**Action item:** Transcribe all of the listing below in full.

**Source information:**

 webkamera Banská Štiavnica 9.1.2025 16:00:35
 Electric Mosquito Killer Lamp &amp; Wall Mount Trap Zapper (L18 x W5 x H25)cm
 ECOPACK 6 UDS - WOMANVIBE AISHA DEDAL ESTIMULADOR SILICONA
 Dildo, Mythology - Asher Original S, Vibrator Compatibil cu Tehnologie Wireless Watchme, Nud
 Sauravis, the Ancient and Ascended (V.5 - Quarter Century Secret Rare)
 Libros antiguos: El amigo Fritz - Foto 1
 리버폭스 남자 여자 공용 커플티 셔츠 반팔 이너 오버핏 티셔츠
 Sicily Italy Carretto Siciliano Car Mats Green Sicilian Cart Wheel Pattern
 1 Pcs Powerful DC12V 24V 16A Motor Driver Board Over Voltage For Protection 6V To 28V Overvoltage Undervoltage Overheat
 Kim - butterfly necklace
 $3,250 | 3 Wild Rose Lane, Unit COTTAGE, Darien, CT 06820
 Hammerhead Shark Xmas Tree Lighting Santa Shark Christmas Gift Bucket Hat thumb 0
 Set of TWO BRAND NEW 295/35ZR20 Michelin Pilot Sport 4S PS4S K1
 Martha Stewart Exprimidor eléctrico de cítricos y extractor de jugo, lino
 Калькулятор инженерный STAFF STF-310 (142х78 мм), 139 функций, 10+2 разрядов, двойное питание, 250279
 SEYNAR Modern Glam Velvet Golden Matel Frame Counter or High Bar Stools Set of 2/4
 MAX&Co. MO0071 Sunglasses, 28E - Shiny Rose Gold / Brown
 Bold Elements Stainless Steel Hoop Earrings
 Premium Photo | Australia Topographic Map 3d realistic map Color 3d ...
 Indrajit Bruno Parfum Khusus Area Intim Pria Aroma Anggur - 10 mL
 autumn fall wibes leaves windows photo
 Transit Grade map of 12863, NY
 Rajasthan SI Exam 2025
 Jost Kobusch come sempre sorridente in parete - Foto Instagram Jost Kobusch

**Task answer:**
 webkamera Banská Štiavnica 9.1.2025 16:00:35
 Electric Mosquito Killer Lamp &amp; Wall Mount Trap Zapper (L18 x W5 x H25)cm
 ECOPACK 6 UDS - WOMANVIBE AISHA DEDAL ESTIMULADOR SILICONA
 Dildo, Mythology - Asher Original S, Vibrator Compatibil cu Tehnologie Wireless Watchme, Nud
 Sauravis, the Ancient and Ascended (V.5 - Quarter Century Secret Rare)
 Libros antiguos: El amigo Fritz - Foto 1
 리버폭스 남자 여자 공용 커플티 셔츠 반팔 이너 오버핏 티셔츠
 Sicily Italy Carretto Siciliano Car Mats Green Sicilian Cart Wheel Pattern
 1 Pcs Powerful DC12V 24V 16A Motor Driver Board Over Voltage For Protection 6V To 28V Overvoltage Undervoltage Overheat
 Kim - butterfly necklace
 $3,250 | 3 Wild Rose Lane, Unit COTTAGE, Darien, CT 06820
 Hammerhead Shark Xmas Tree Lighting Santa Shark Christmas Gift Bucket Hat thumb 0
 Set of TWO BRAND NEW 295/35ZR20 Michelin Pilot Sport 4S PS4S K1
 Martha Stewart Exprimidor eléctrico de cítricos y extractor de jugo, lino
 Калькулятор инженерный STAFF STF-310 (142х78 мм), 139 функций, 10+2 разрядов, двойное питание, 250279
 SEYNAR Modern Glam Velvet Golden Matel Frame Counter or High Bar Stools Set of 2/4
 MAX&Co. MO0071 Sunglasses, 28E - Shiny Rose Gold / Brown
 Bold Elements Stainless Steel Hoop Earrings
 Premium Photo | Australia Topographic Map 3d realistic map Color 3d ...
 Indrajit Bruno Parfum Khusus Area Intim Pria Aroma Anggur - 10 mL
 autumn fall wibes leaves windows photo
 Transit Grade map of 12863, NY
 Rajasthan SI Exam 2025
 Jost Kobusch come sempre sorridente in parete - Foto Instagram Jost Kobusch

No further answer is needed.